Enrico IV regnò dal 1454 fino alla sua morte, avvenuta vent'anni dopo. Amava la musica, la letteratura e la caccia nei boschi, ma meno gli affari di governo in un'epoca di intrighi e tradimenti. Il monarca donò il padiglione ai francescani per creare un convento. Tuttavia, nel 1488, la sua sorellastra Isabella, ora regina, invitò quest'ordine più litigioso ad andarsene e cedette il luogo alle Clarisse per una vita contemplativa, come testimoniano le grate dei parlatori all'ingresso, da cui le suore comunicavano con i loro cari quando venivano a fargli visita.
Il tour inizia con un ritratto moderno di Enrico IV, dipinto quest'anno dal pittore e illustratore Fernando Vicente, per dare ai visitatori un'idea del personaggio. "L'ho dipinto basandomi sulla documentazione esistente su di lui, un piccolo ritratto scoperto in un libro di inni di un monastero e quello più noto, con il berretto rosso, trovato in un codice di Stoccarda", racconta Vicente al telefono. "In realtà, non esiste alcuna sua immagine conosciuta, a parte alcuni dipinti del XIX secolo che hanno un tono più fantasy".

Il libro di inni miniato, parte della collezione del monastero, risale alla seconda metà del XV secolo. Contiene la miniatura incompiuta del re che Ferdinando Vincenzo utilizzò per il suo ritratto, in cui è raffigurato "inginocchiato davanti a Sant'Antonio da Padova, verso il quale nutriva grande devozione, mentre ne chiede la benedizione". "È in atteggiamento di preghiera, con una spada e una corona, e indossa un costume di influenza mudéjar", osserva Vallina.
E, come spiegato su un pannello, il suo volto "corrisponde alle descrizioni dei cronisti: testa grande, mento potente, naso schiacciato, grandi occhi scuri e fronte corrugata". Vicente spera che questo progetto serva anche a "rivendicare" un monarca i cui successori, i Re Cattolici, diffusero un'immagine che alla fine divenne una leggenda oscura.
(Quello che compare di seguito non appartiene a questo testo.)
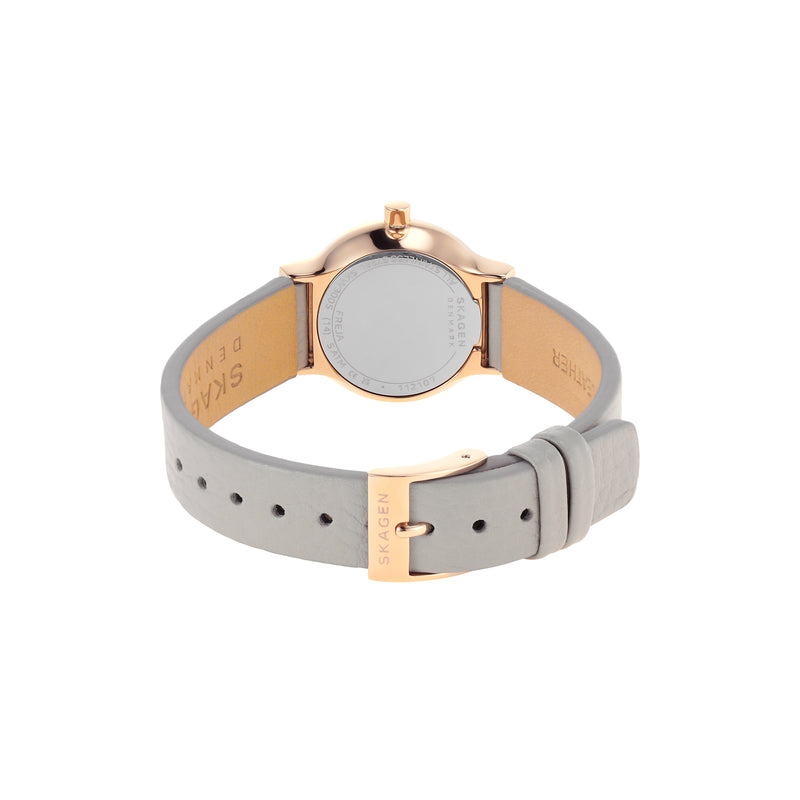 Skagen Freja Lille 极简灰石手表，配 LiteHide 皮革表带 SKW3005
"Siamo nella zona monarchica del monastero", annuncia Ayres. In una stanza si trovano alcuni strumenti musicali, tra cui spicca "un pianoforte inglese del XVIII secolo". Dopo aver lasciato i libri del coro, la visita prosegue attraverso quelle che furono le stanze del re e della sua seconda moglie, la portoghese Juana de Avis, sua cugina dalla quale ebbe una figlia. Il suo primo matrimonio era stato annullato.
I libri e i documenti della biblioteca di San Antonio el Real devono raccontare storie diverse. Questi ultimi si trovano in un cassettone con la seguente iscrizione: "Archivio delle carte, titoli di proprietà, rendite e privilegi di questo convento. Anno 1766".

Entrando nella "parte monastica", si incontra un "giardino aperto" dove la vegetazione ha preso il sopravvento. Un altro obiettivo è "recuperare le aree verdi, perché lì si conservavano le conoscenze botaniche", osserva Vallina.
Attorno al chiostro centrale è previsto un "ostello del silenzio", dice Ayres, "un rifugio per la riflessione e il silenzio" tra noci e castagni, che adatterà alcune delle oltre 100 celle di diversa estensione sparse nel monastero.

La visita raggiunge la parte artisticamente più pregiata, i soffitti a cassettoni, che "si sono conservati liberi dai tarli, in gran parte grazie alla paziente pulizia delle suore con un attrezzo artigianale", uno spolverino legato a una lunga canna. Da notare che alcuni di questi soffitti superano i 10 metri di altezza.
"La qualità di questi soffitti a cassettoni è magnifica", afferma Enrique Nuere, architetto e membro della Royal Academy of Fine Arts , uno dei massimi esperti di quella che tecnicamente viene chiamata "carpenteria ad anello". Nuere ricorda che questi soffitti furono ristrutturati alla fine del secolo scorso e che quando furono costruiti, "erano costosi, un elemento distintivo". Chiarisce anche che, sebbene vengano chiamati "soffitti a cassettoni mudéjar", in realtà non lo sono. Studioso di architettura islamica, "dove i soffitti erano piatti", sottolinea che i soffitti a cassettoni sono un sistema costruttivo che "si basava su quanto fatto in Germania e Inghilterra".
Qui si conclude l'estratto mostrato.